What is being asked:
Output, exactly and in full, only the lines from the one containing "Building Photo - 3833 Mt Pleasant St" to the last line of the data. Pictures should not appear.

[Items from a data source]
┌──

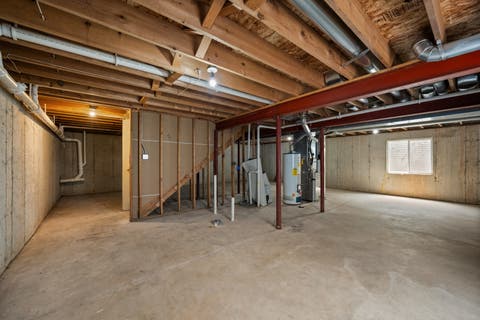 Tiny photo for 318 Chautauqua Lane, Sycamore, IL 60178 (MLS # 12630827)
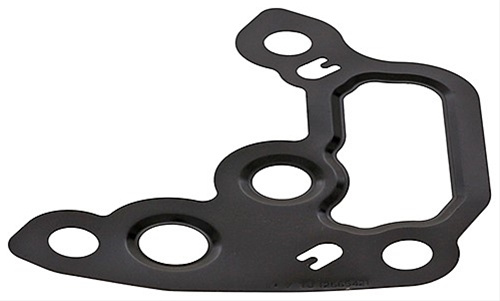 Garnitura Pompa Vacuum Elring Opel 731.042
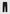 boiled-wool-tailored-trousers-black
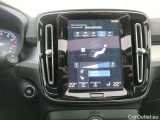  Volvo  XC 40 Volvo XC40 T3 Momentum Pro 5d #48
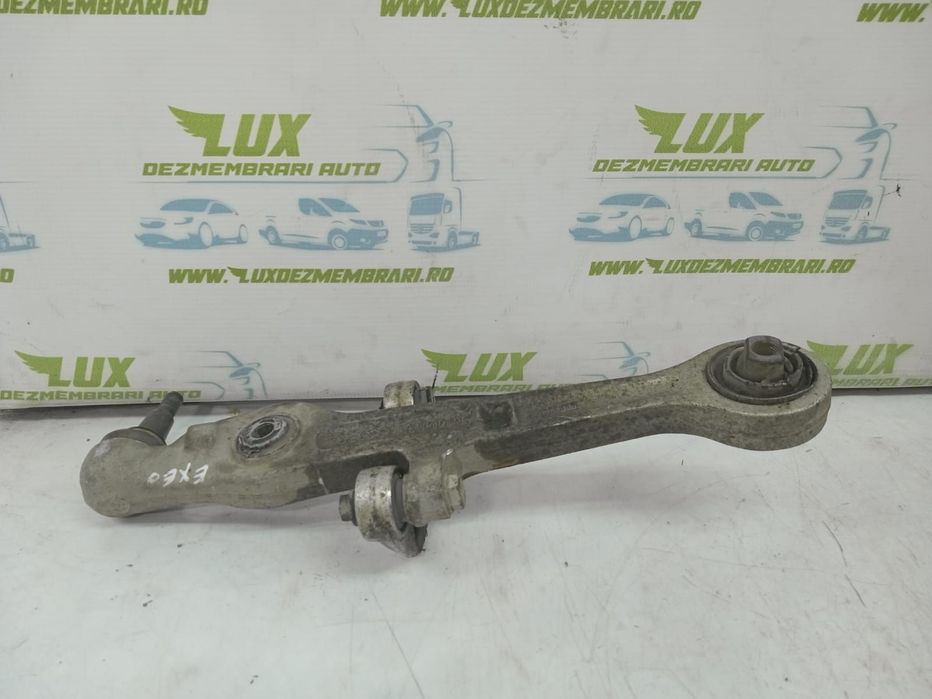 Brat fata suspensie 4d0411317k Volkswagen VW Passat B5.5 [facelift] [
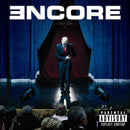 Eminem - Encore Cd 0602498648841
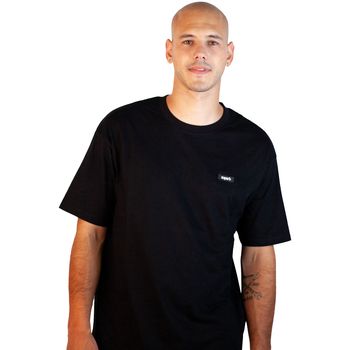 Superb 1982 Camiseta 03560 para hombre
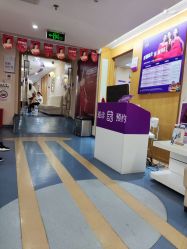 -深圳美莱医疗美容医院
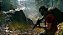 Jogo Tom Clancy's Ghost Recon Breakpoint - Xbox One - Imagem 2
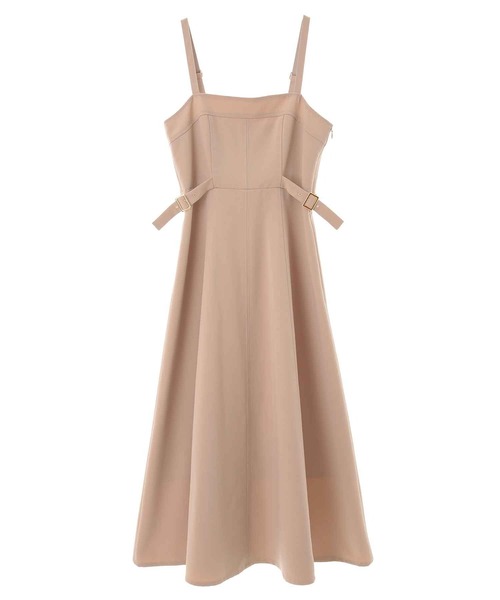 31 Sons de mode（トランテアン ソン ドゥ モード）の「【WEB限定  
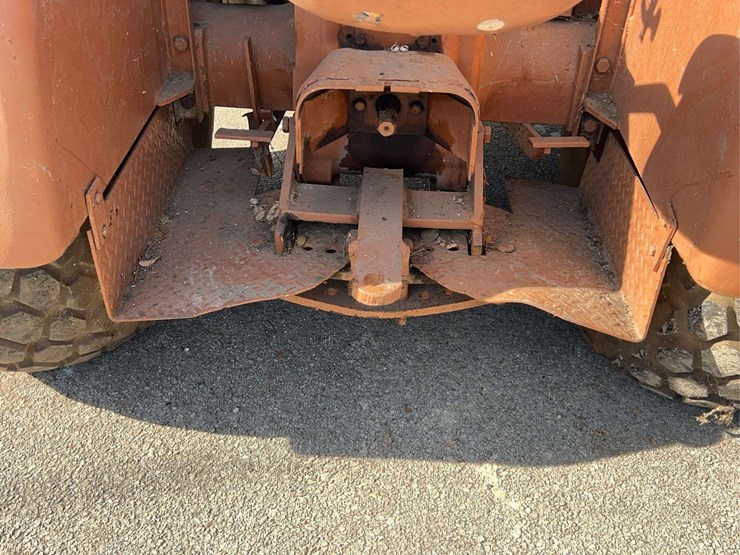 minneapolis-moline-jet-star-3-image-34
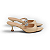 MULE COURO FERRUCCI - Imagem 2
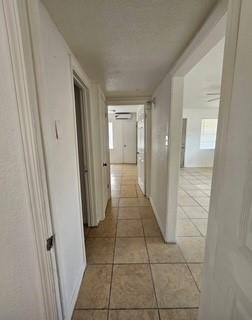 Building Photo - 3833 Mt Pleasant St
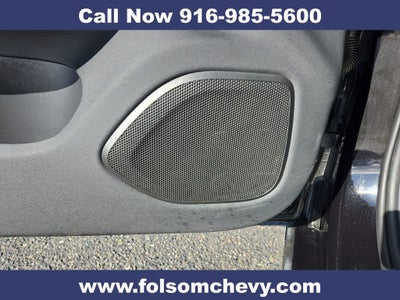 2024 Volvo S60 B5 Plus Black Edition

└──

Solution for this problem:
 Building Photo - 3833 Mt Pleasant St
 2024 Volvo S60 B5 Plus Black Edition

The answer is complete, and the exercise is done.